Is that where the flag choice originated?
I know Ukraine grows a metric shitload of sunflowers - that’s an official amount - for cooking oil, and is (was?) a big exporter. Did they select the flag colors based on this?
Looking at the Wikipedia article, it dates back quite a ways, but there doesn’t seem to be a formal symbolism.
I don’t know if it’s specifically sunflowers. It looks very familiar to me, because of the terrain similarities between Ukraine and Saskatchewan. Blue sky above, grain below, is what I assumed it is based on.
The sunflower is an official symbol of Ukraine, which makes it more plausible.
According to Wikipedia, the original symbolism of the colors was golden church domes over the blue Dnieper river (the yellow was originally on top), but that when it changed to blue on top in the mid-1800s, an explanation was circulated of sky over wheat or sunflowers. But that section of the article is packed full of (Citation Needed), so take it for what it’s worth.
No, it’s not. It’s easy to draw a conclusion on that, because it fits the narrative really well. But the OP is asking for a specific cite that would confirm this, not a WAG.

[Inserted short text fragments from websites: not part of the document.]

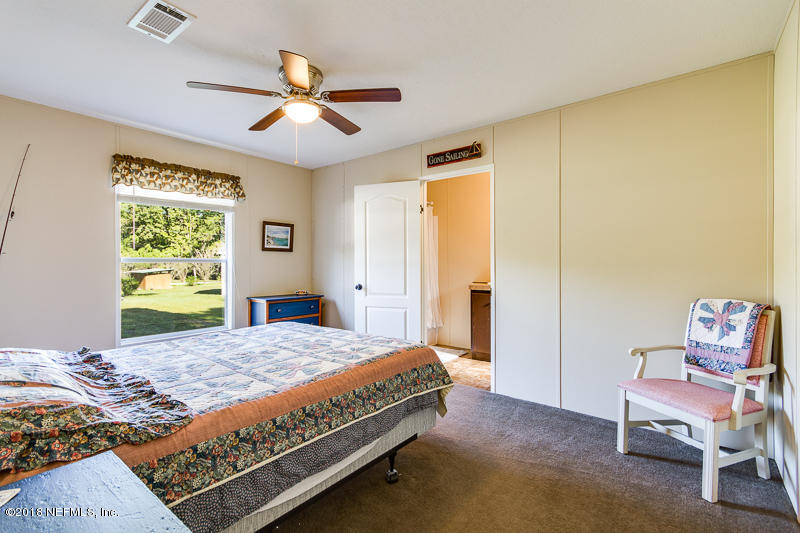 108 Ross Road Satsuma, FL 32189 - Photo 19 of 56 Master Bedroom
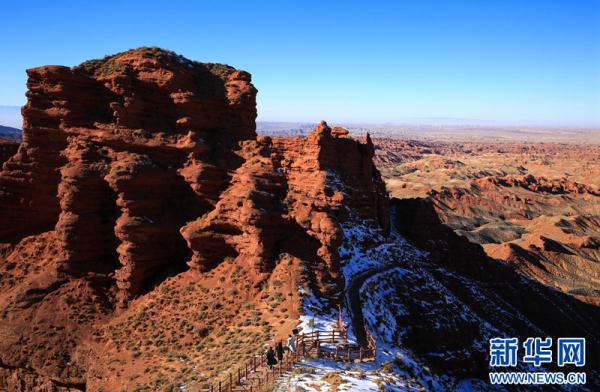 甘肃张掖:丹霞披“纱”景色美 甘肃张掖:丹霞披“纱”景色美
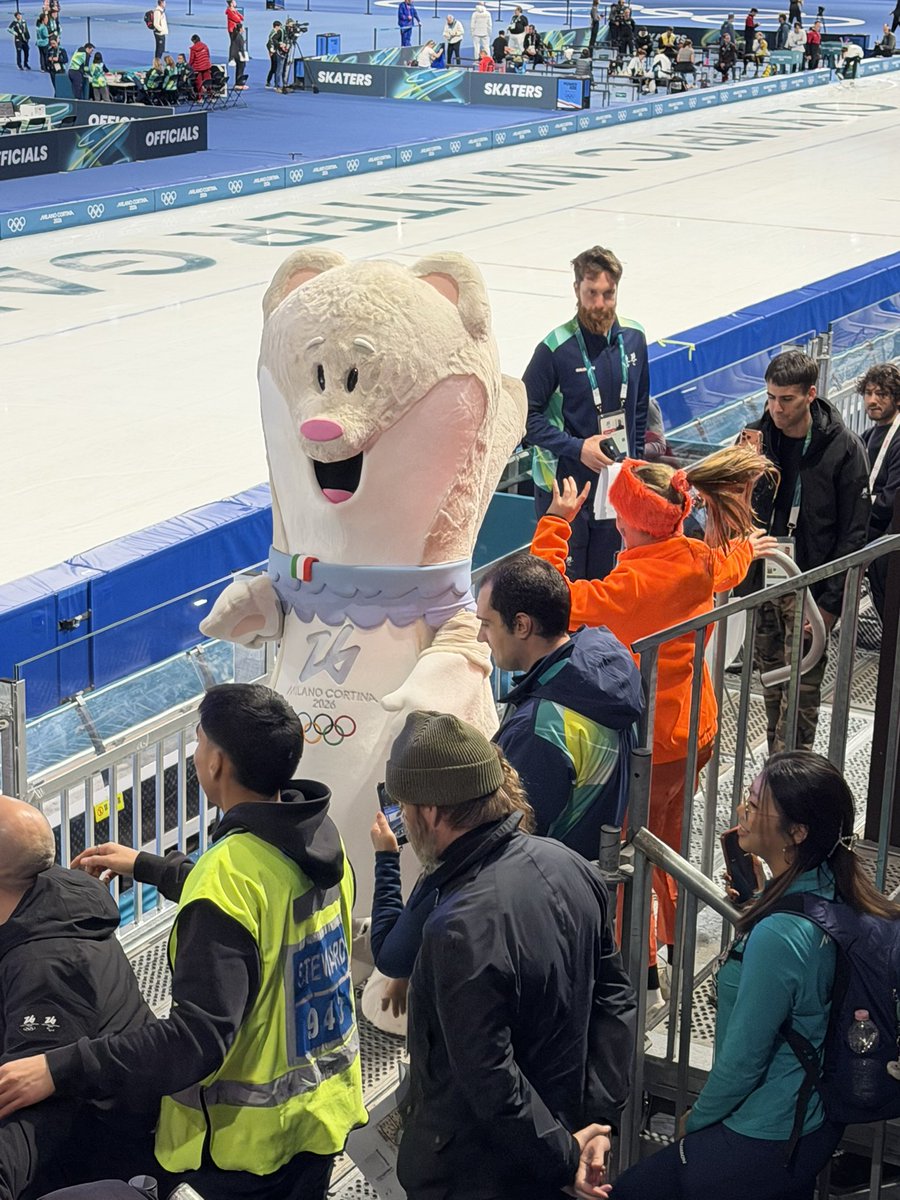 まって、スピードスケート観戦に来たら、ティナが着ぐるみで出てきたんだけどwww
めっちゃ踊ってる。まさか会場に本物が現れるとは。すごい😂
でも、まさかの会えてよかったー！！！
（そしてオランダの女性に、ティナの写真送って！とせがまれ、送ってあげた笑）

Bicolor and tricolor European flags draw from heraldic traditions, which didn’t really rely on specific “meanings” of colors, but rather just on simple distinctiveness. Any meanings now understood are most likely created retroactively.
The blue and yellow colours apparently come from Lviv’s ancient coat of arms, and you’re right, the colours by themselves don’t dictate the flag design. The first flag proposed for Ukraine, during the 1848 revolutions, was gold over blue.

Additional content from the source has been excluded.